**Your assignment**
From the first line to the last, write out the records exactly, leaving out images.

**Pictures with short captions**
^^^^^^^^
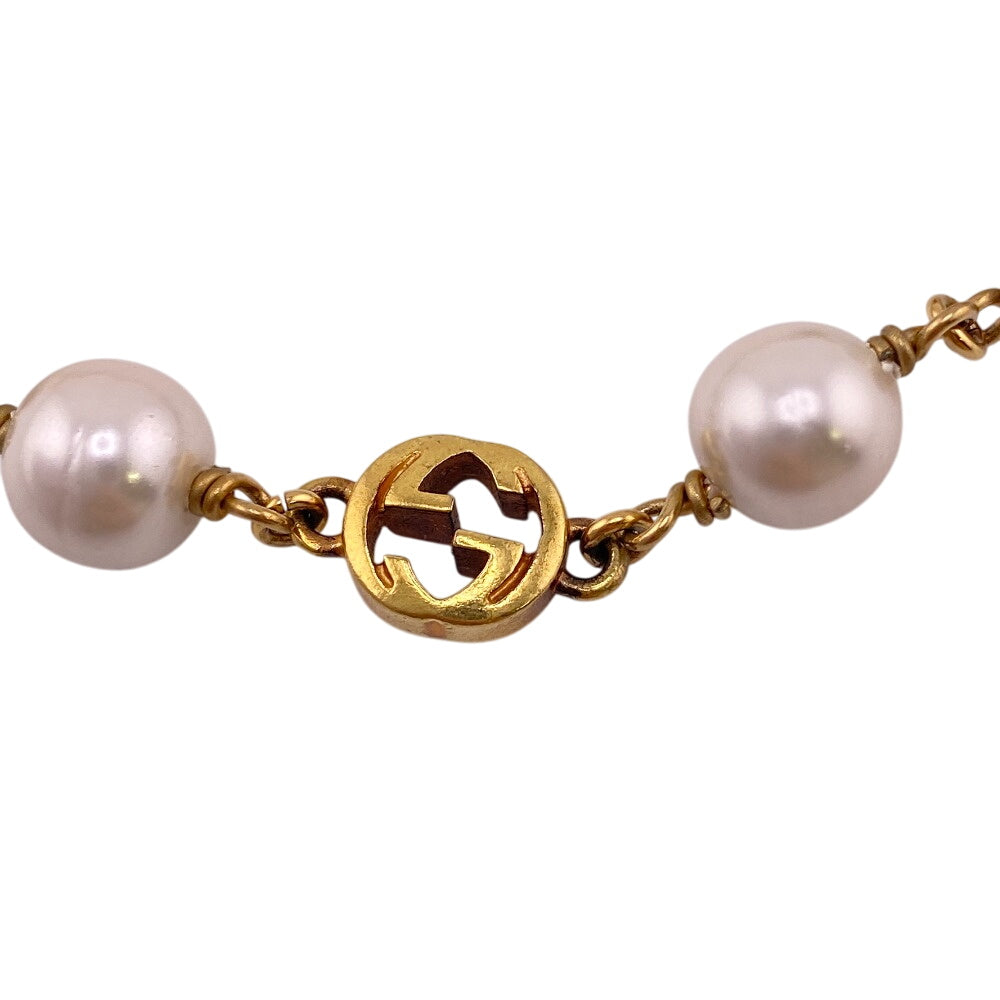 GUCCI bracelet Gold Plated gold Interlocking G Pearl Flower Women Used Authentic
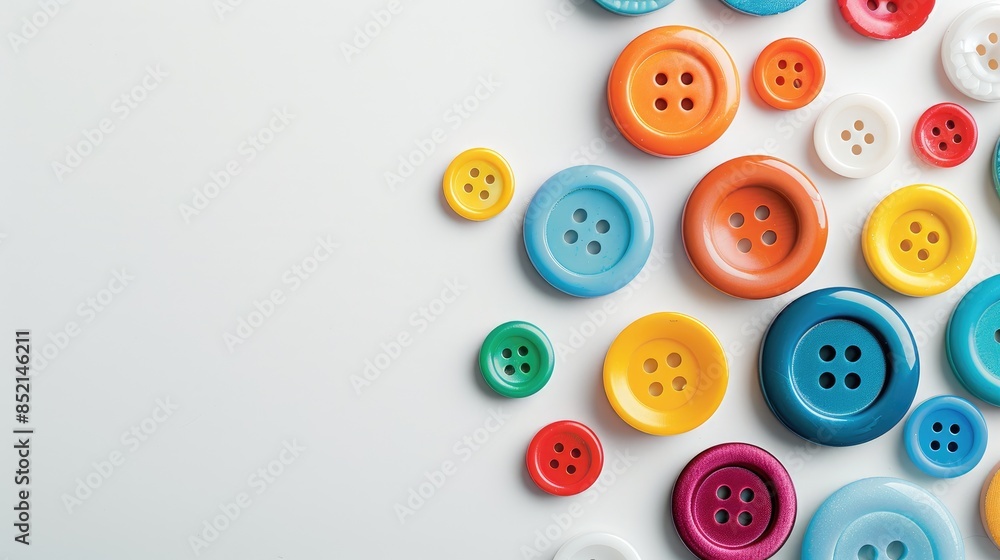 Vibrant buttons on white background in circular layout representing sewing and creativity Blank space available Vibrant buttons on white background in circular layout representing sewing and creativity Blank space available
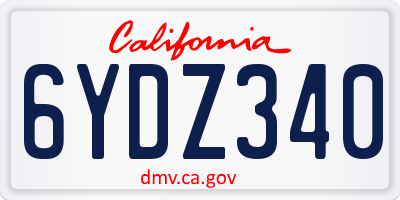 CA license plate 6YDZ340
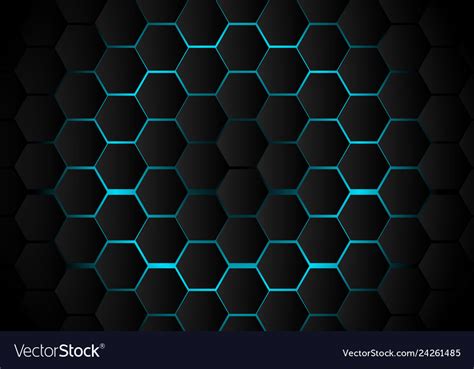 Abstract black hexagon pattern on light blue Vector Image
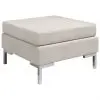 vidaXL Sectional Footrest with Cushion Farbic Cream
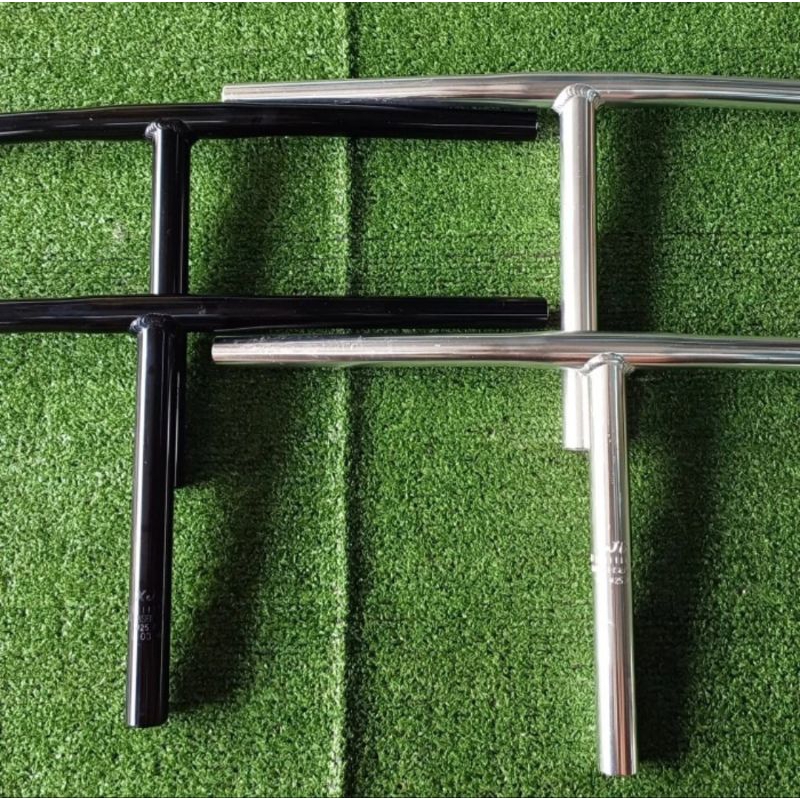 Tiang Stang T Sepeda lipat Handlepost Alloy Insert 25.4 Black Silver Taiwan New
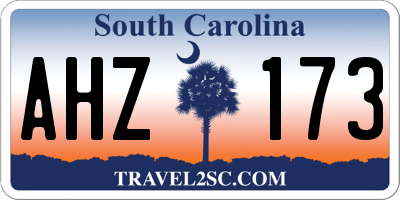 SC license plate AHZ173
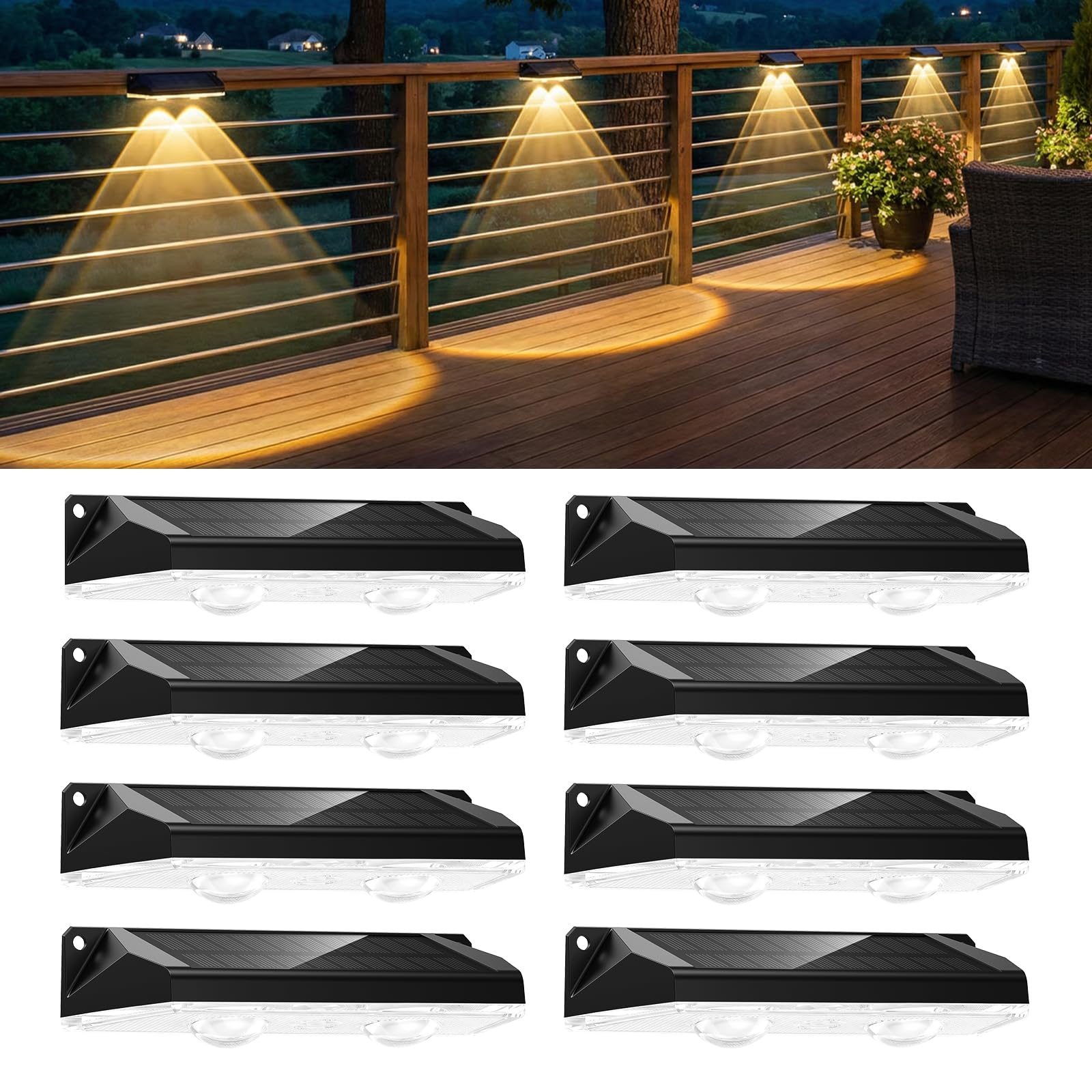 Brightown 8 Pack Solar-Fence-Lights-Outdoor, IP65 Waterproof Warm White & RGB 11 Color Solar Deck Step Flood Lights, Solar Patio Lights for Outside Backyard Yard Home Improvement Wall Railing Image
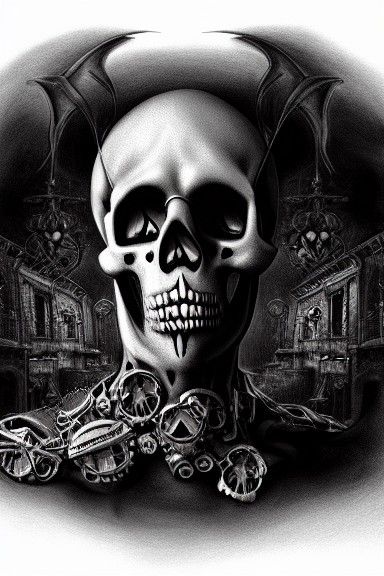 Steampunk Demon Cat Charcoal Portrait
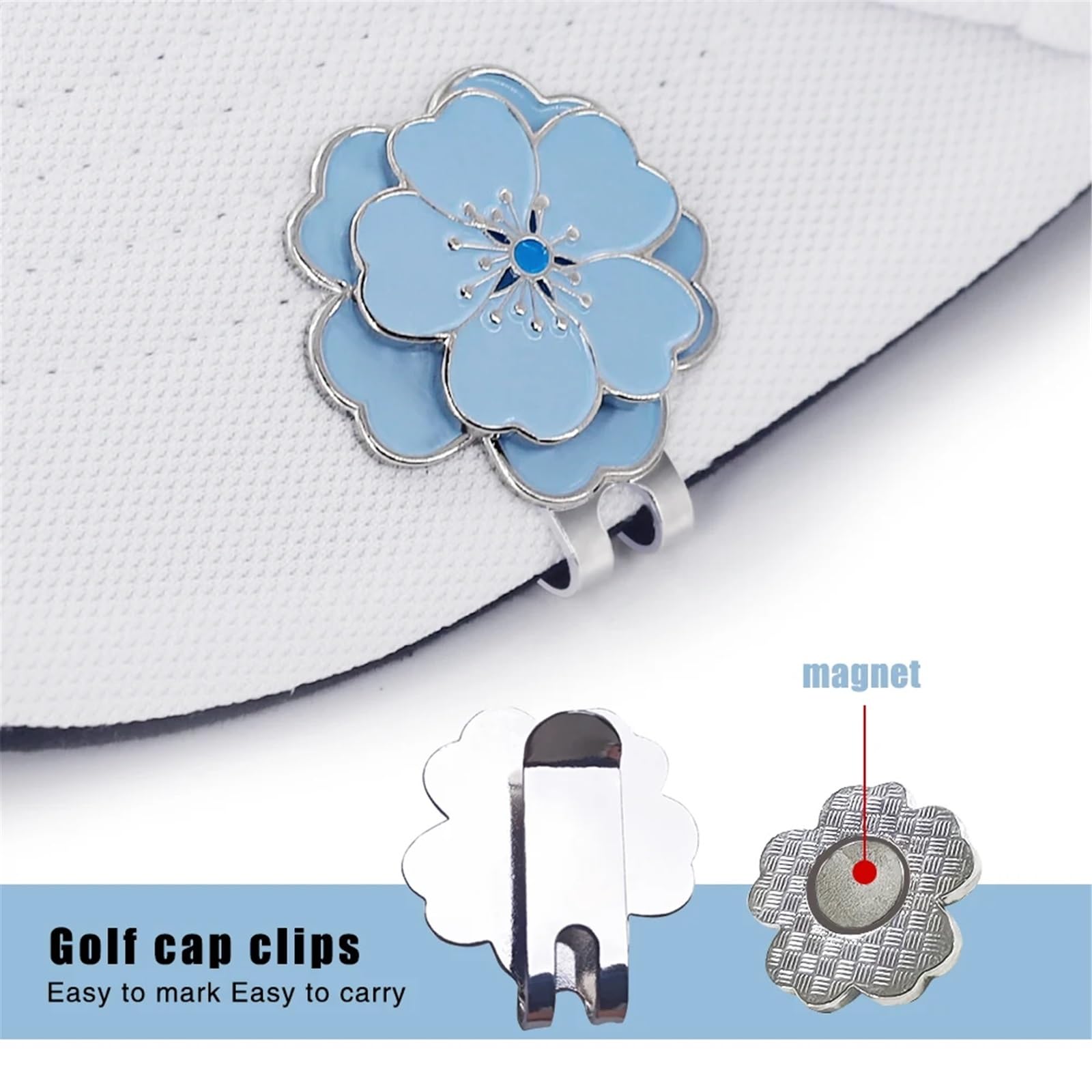 Golfballmarker Hutclip 5 stücke Golf Kappe Clips Mit Magnet Mark Blütenblatt Muster Ball Marker Position Abnehmbare Metall Drop Schiff Zubehör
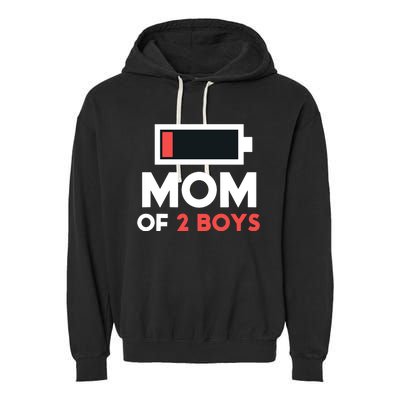 Mom Of 2 Gift From Son Mothers Day Birthday Garment-Dyed Fleece Hoodie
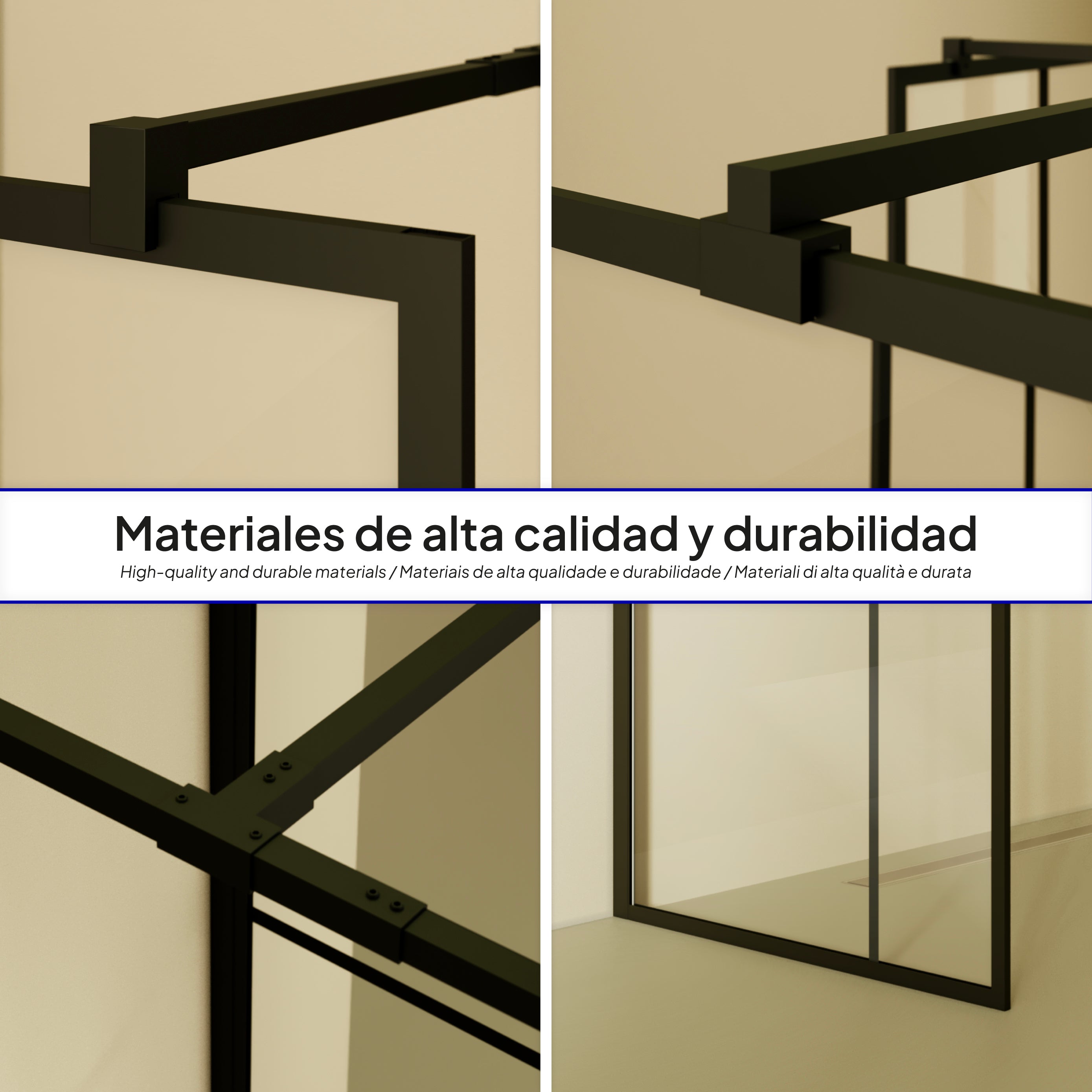 GIANNA - Painel de duche Walk-In com 2 painéis em vidro temperado com blocos e perfil preto mate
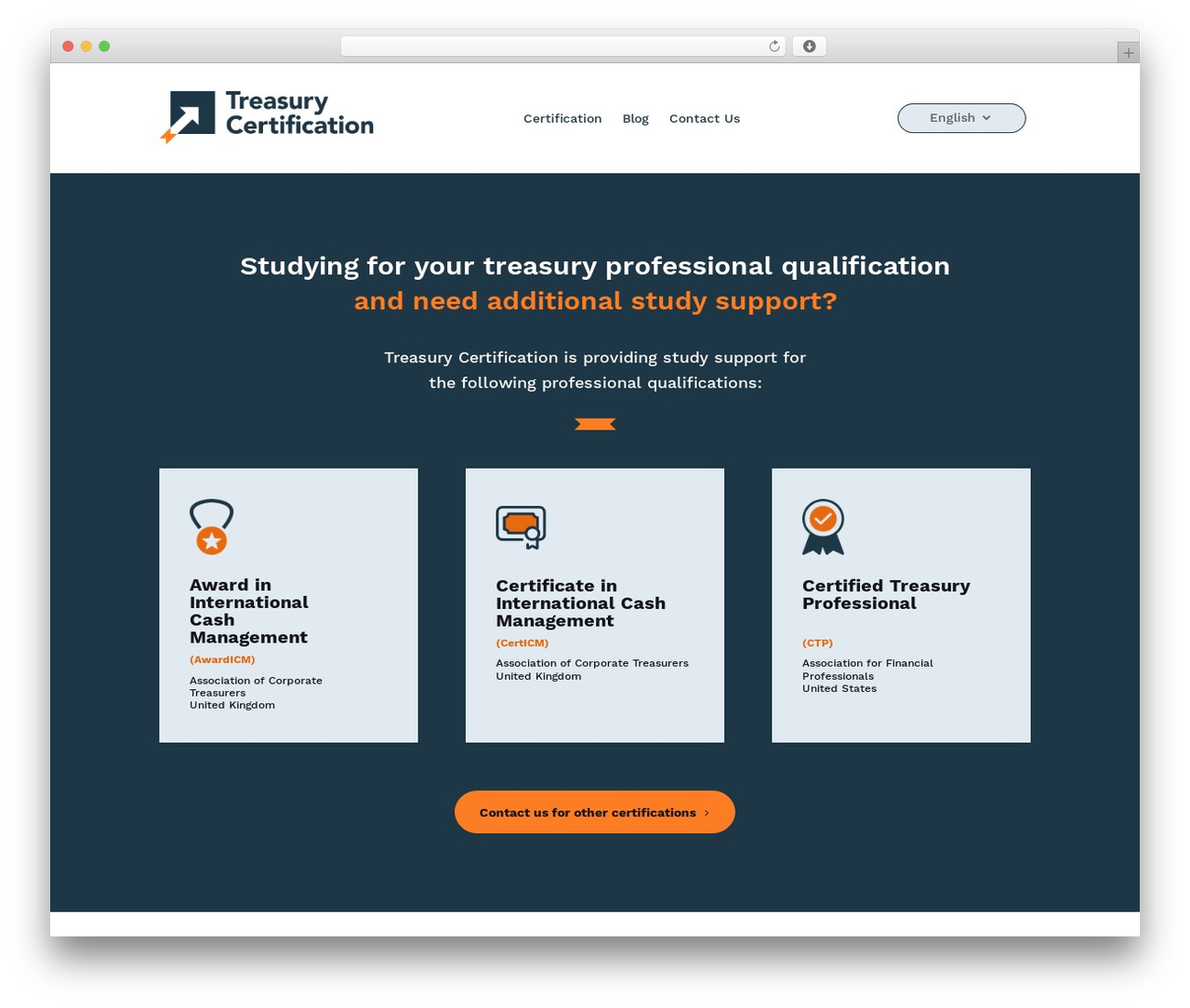 Divi WordPress theme - treasurycertification.com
^^^^^^^^
**Result of the exercise**
 GUCCI bracelet Gold Plated gold Interlocking G Pearl Flower Women Used Authentic
 Vibrant buttons on white background in circular layout representing sewing and creativity Blank space available Vibrant buttons on white background in circular layout representing sewing and creativity Blank space available
 CA license plate 6YDZ340
 Abstract black hexagon pattern on light blue Vector Image
 vidaXL Sectional Footrest with Cushion Farbic Cream
 Tiang Stang T Sepeda lipat Handlepost Alloy Insert 25.4 Black Silver Taiwan New
 SC license plate AHZ173
 Brightown 8 Pack Solar-Fence-Lights-Outdoor, IP65 Waterproof Warm White & RGB 11 Color Solar Deck Step Flood Lights, Solar Patio Lights for Outside Backyard Yard Home Improvement Wall Railing Image
 Steampunk Demon Cat Charcoal Portrait
 Golfballmarker Hutclip 5 stücke Golf Kappe Clips Mit Magnet Mark Blütenblatt Muster Ball Marker Position Abnehmbare Metall Drop Schiff Zubehör
 Mom Of 2 Gift From Son Mothers Day Birthday Garment-Dyed Fleece Hoodie
 GIANNA - Painel de duche Walk-In com 2 painéis em vidro temperado com blocos e perfil preto mate
 Divi WordPress theme - treasurycertification.com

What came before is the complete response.